[Start of section]

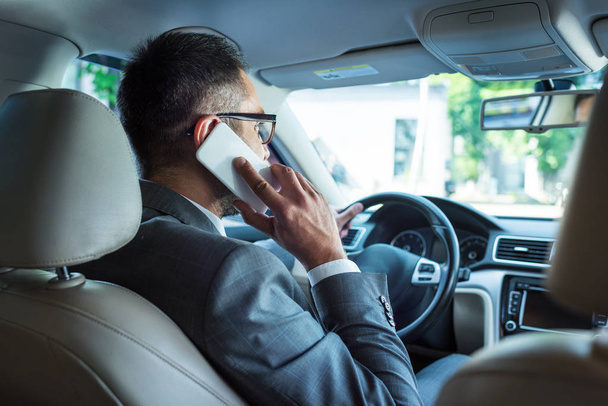vista trasera del hombre de negocios hablando en el teléfono inteligente mientras conduce el coche
  - Foto, imagen
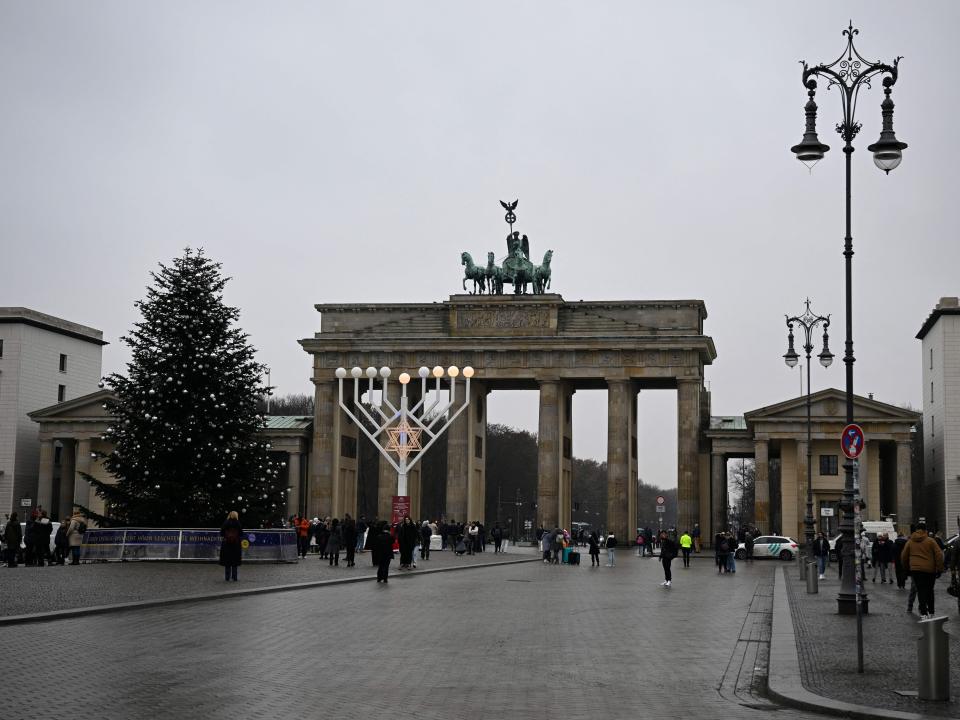 A Christmas tree (L) with its top chopped off is seen next to a Chanukkah menorah in front of Berlin's landmark the Brandenburg Gate on December 21, 2022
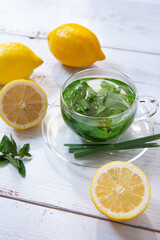 herbal tea with lemons on white wooden background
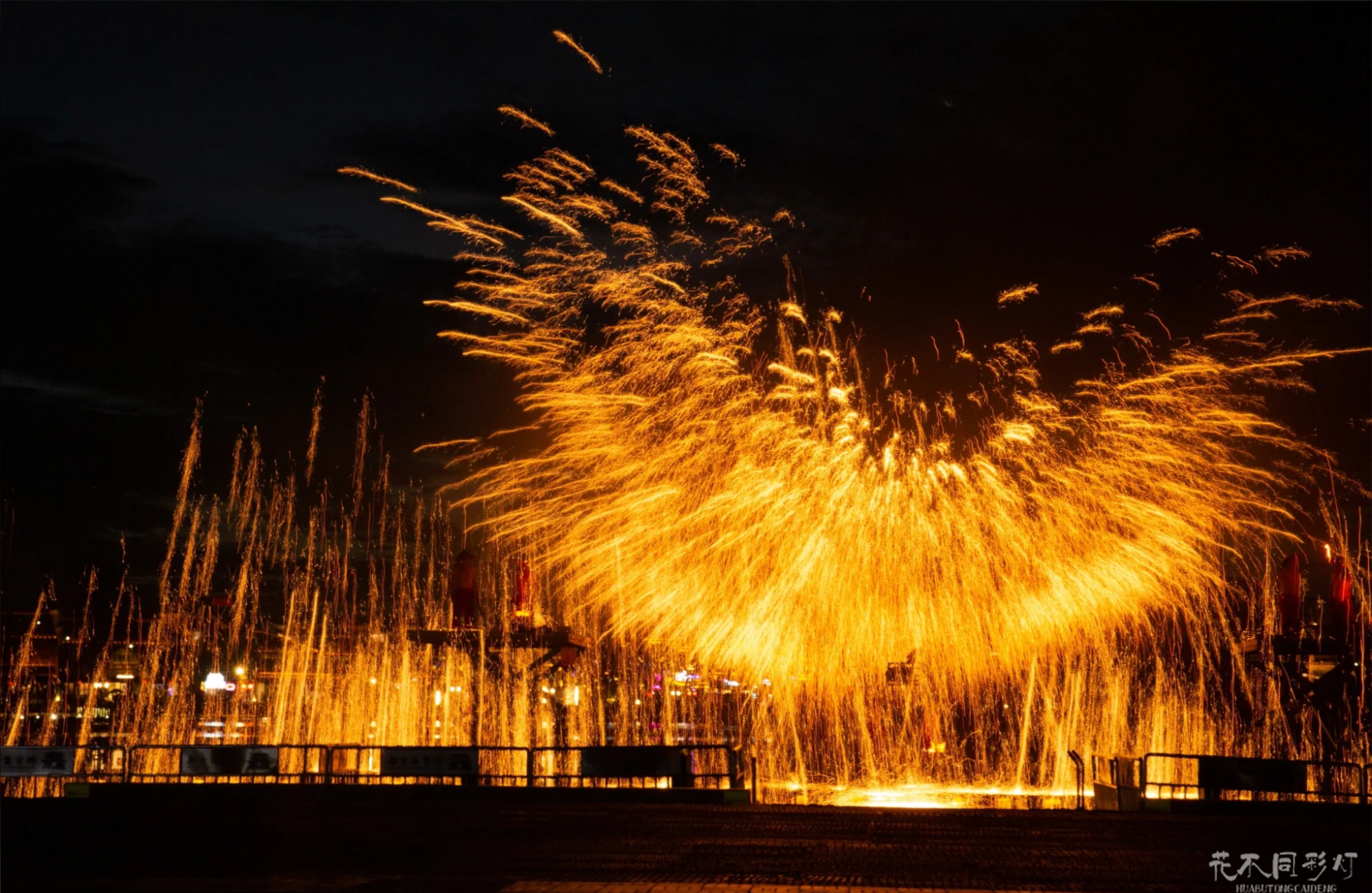 铜官窑古镇夜景全景，打铁花表演作为视觉焦点，与古镇建筑灯光秀相互辉映。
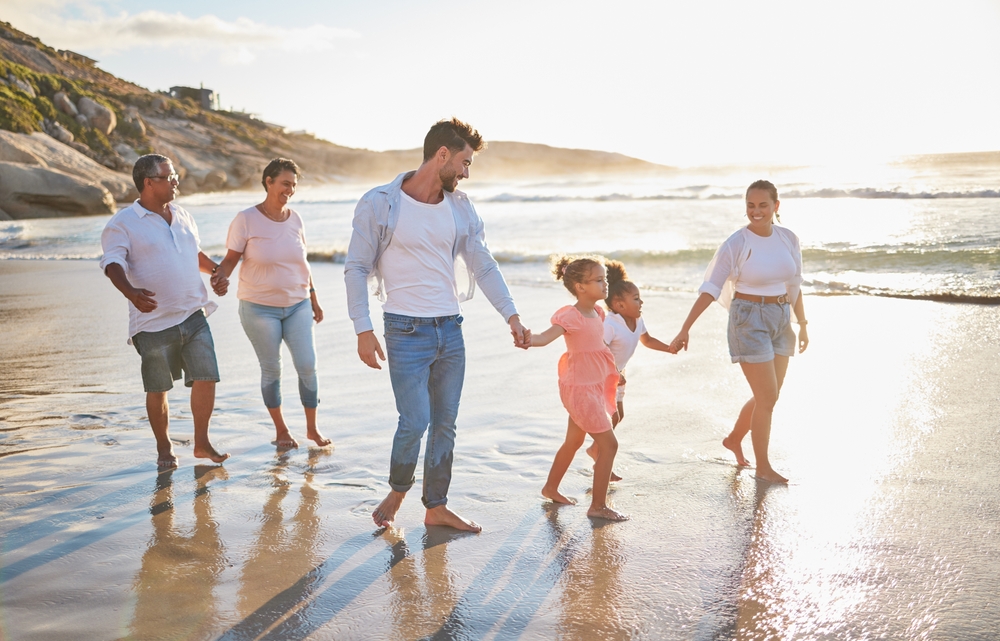 Happy family walking along beach in Portugal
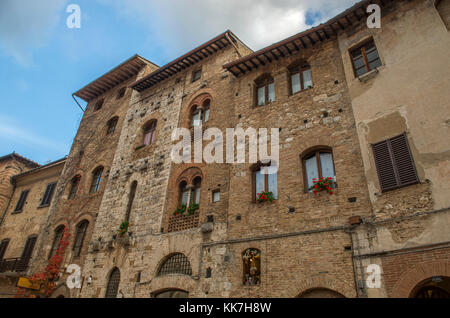 Alte Backsteingebäude mit Blumen an den Fenstern Stockfoto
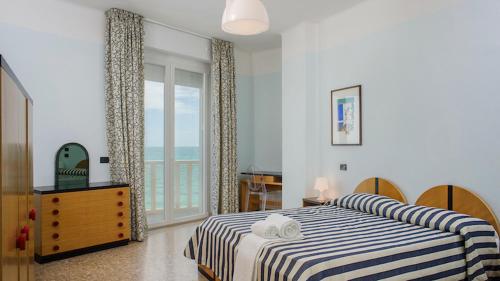 a bedroom with a bed and a window with the ocean at Hotel Marcelli in Numana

[End of section]

> _Exercise_
Start at the line containing "- Foto, imagen" above and stop at the line containing "Happy family walking along beach in Portugal". Output those lines exactly, both included, but none of the pictures.

> _Completed exercise_
  - Foto, imagen
 A Christmas tree (L) with its top chopped off is seen next to a Chanukkah menorah in front of Berlin's landmark the Brandenburg Gate on December 21, 2022
 herbal tea with lemons on white wooden background
 铜官窑古镇夜景全景，打铁花表演作为视觉焦点，与古镇建筑灯光秀相互辉映。
 Happy family walking along beach in Portugal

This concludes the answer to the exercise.